The B₄C-reinforced Ni–P composite coatings were synthesized on low-carbon steel via ultrasonic-assisted electrodeposition. The optimal condition for producing co-electrodeposited Ni–P coating is to investigate the effects of concentrations of B₄C on the morphology, microstructure, surface roughness, hardness, elastic modulus, friction, wear, and electrochemical properties of the composite coating. Field-emission scanning electron microscopy (FESEM), X-ray diffraction (XRD), and energy dispersive spectrometer (EDS) were used to analyze the surface microstructure, crystallite size, morphology and composition of coating and content and distribution of the particles. The nanohardness and reduced elastic modulus of B₄C-reinforced Ni–P depositions was characterized by the nanoindentation technique.
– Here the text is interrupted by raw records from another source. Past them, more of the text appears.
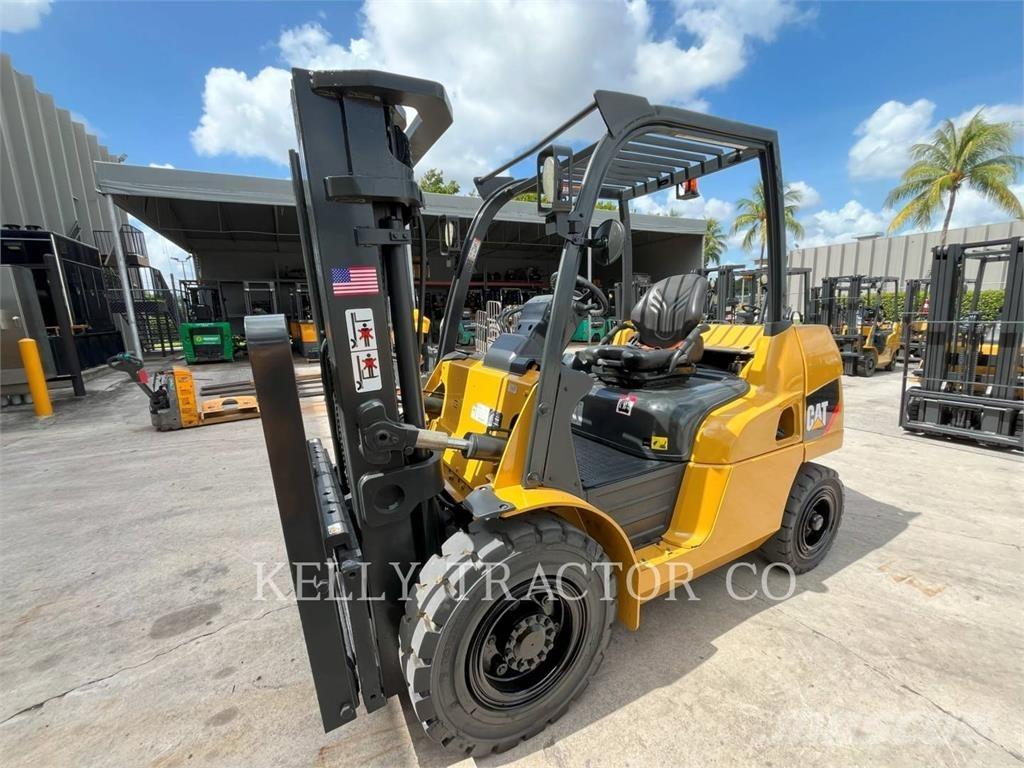 CAT MCFDP40N1-D Dieselmotviktstruckar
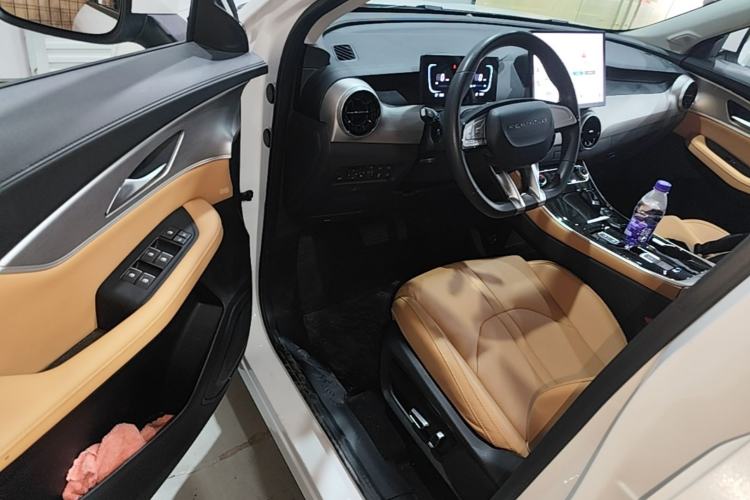 Used FORTHING Xinghai X5 2025 Model, 530 Executive Edition Driver Seat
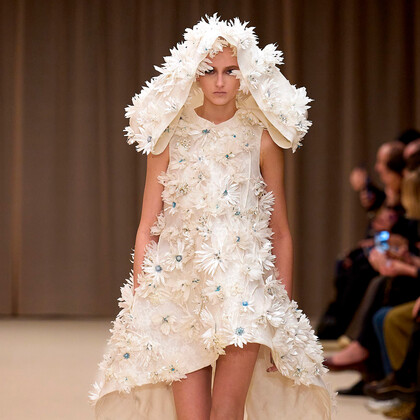 Психология эпохи и мини-юбки нового поколения: как прошёл осенний показ Alexander McQueen 2026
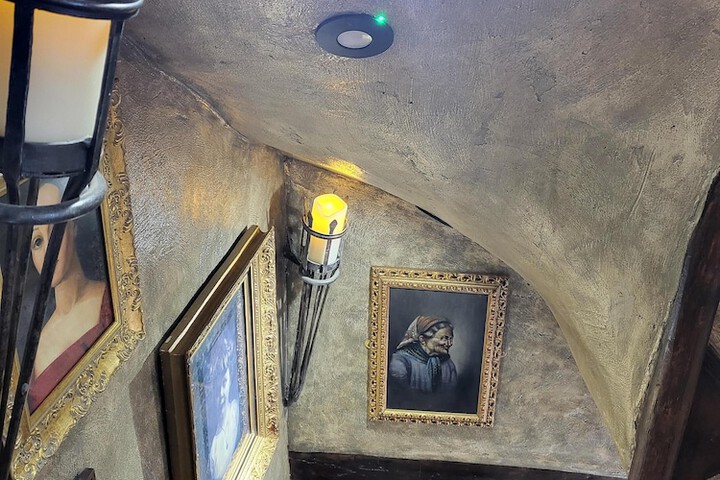 Hocus Pocus Tiny Hotel Image 4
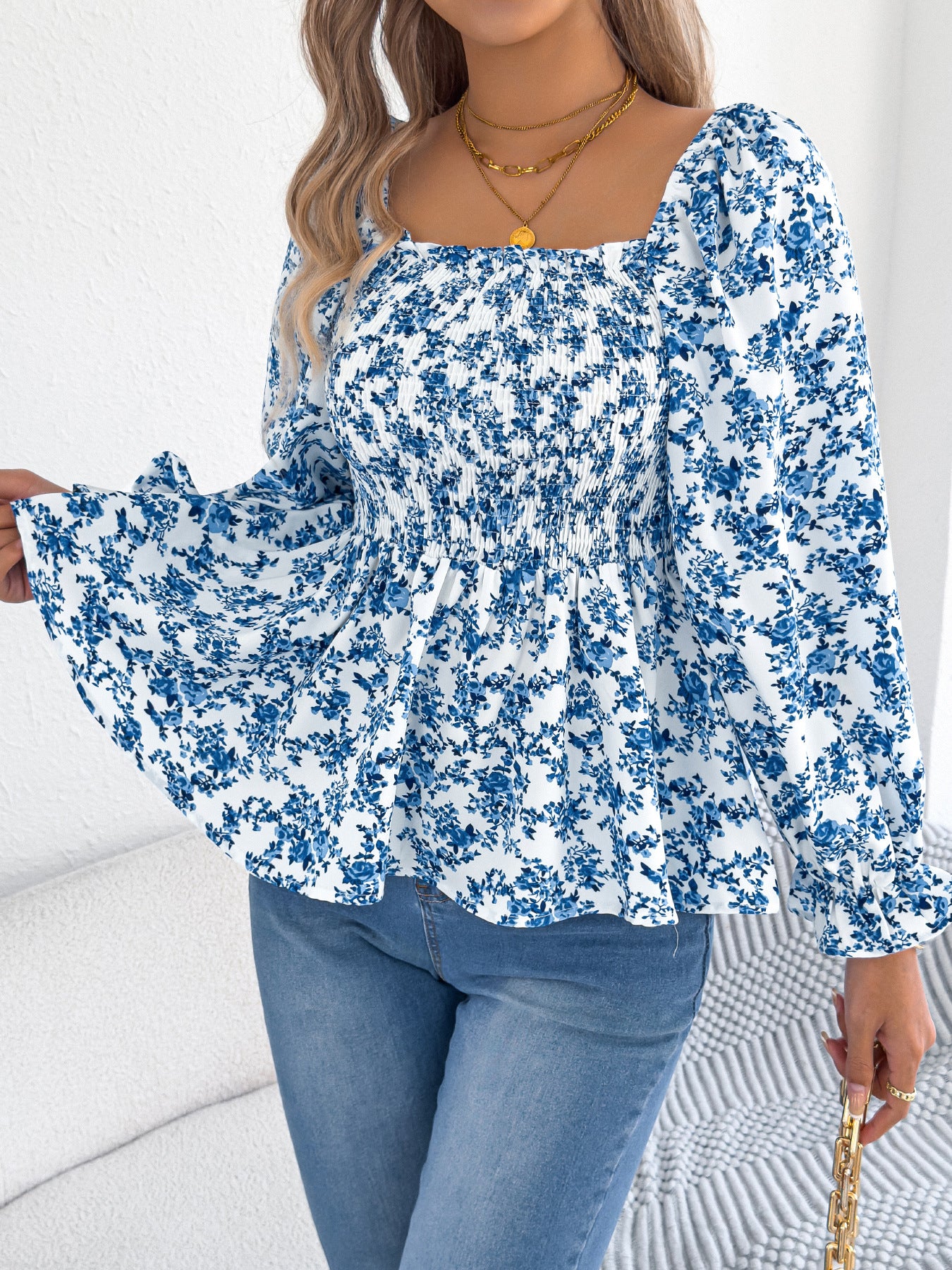 Casual Square-neck Top With Flared Sleeves And A Printed Design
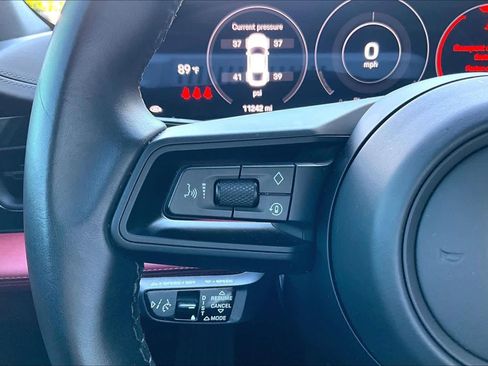 Used 2022 Porsche Taycan image 23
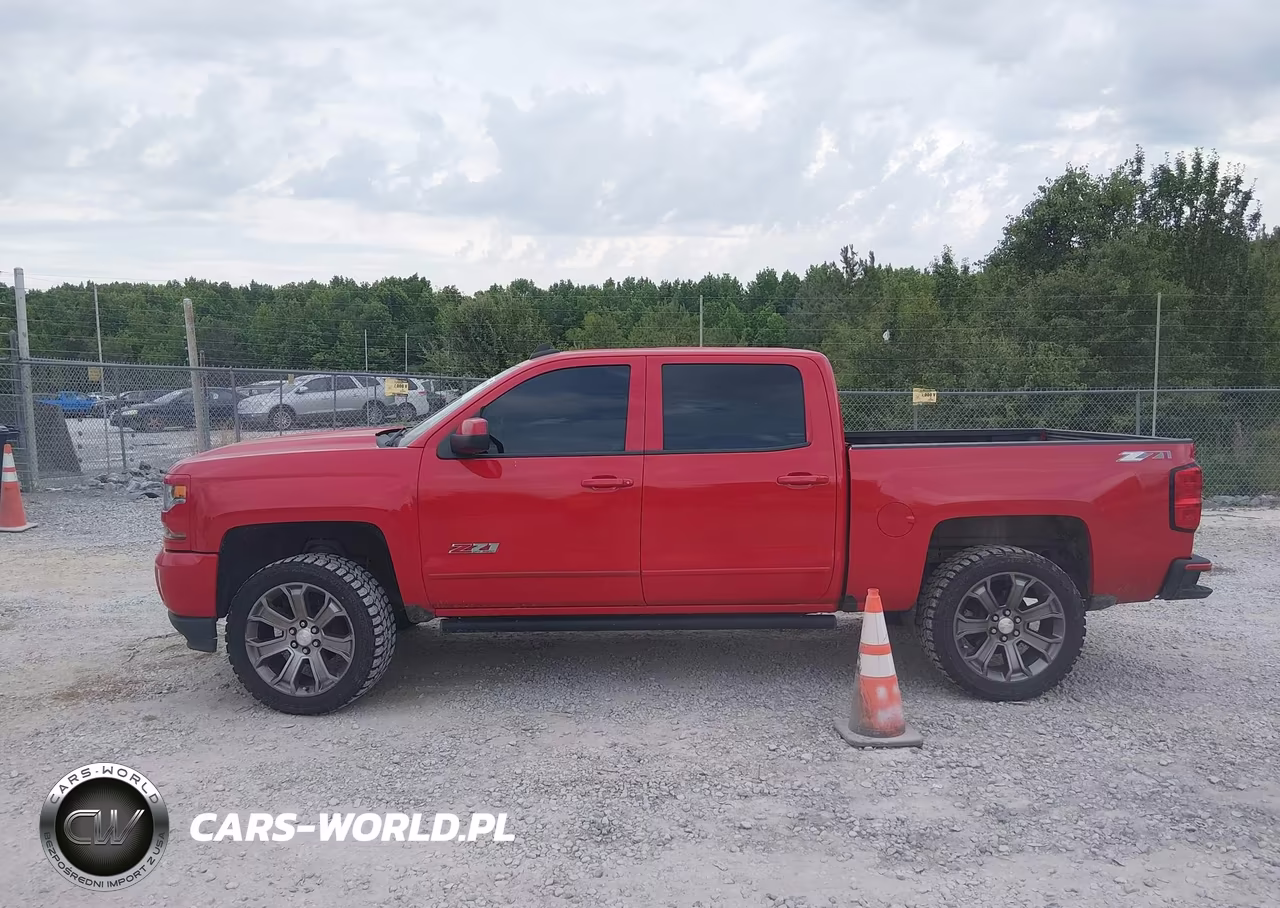 2018 Chevrolet Silverado 1500 2Lt VIN:3GCUKREC8JG229073 - 14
The friction and wear mechanism of the composite coatings was discussed in detail. The electrochemical properties of samples were studied via open circuit potential (OCP), potentiodynamic test and electrochemical impedance spectroscopy (EIS) in the 3.5% NaCl media. The experimental results indicated the highest elastic modulus and nano hardness (147 GPa and 6,92 GPa and the lowest wear rate (3.18 X 10^–8 mm³ /Nm) and average coefficient of friction (0,35) for coatings deposited at 20 gL⁻¹. Moreover, the corrosion resistance is significantly improved; this is shown via the low corrosion current density (I_corr value of 1.48 × 10^–3 A/cm²), the high corrosion potential (E_corr value of – 0.56 V), best corrosion rate (1.36 X10⁻⁵ mpy) and maximum R_ct of 181.8 kΩ cm². These results are attributed to the uniform distribution of the B₄C into nickel coating and the grain refinement effect of electrodeposited Ni–P coating. The formation of the B₄C core–shell structure on the coating surface improved the interfacial bond between the matrix and the ceramic particle, improving wear resistance and anti-corrosion performance.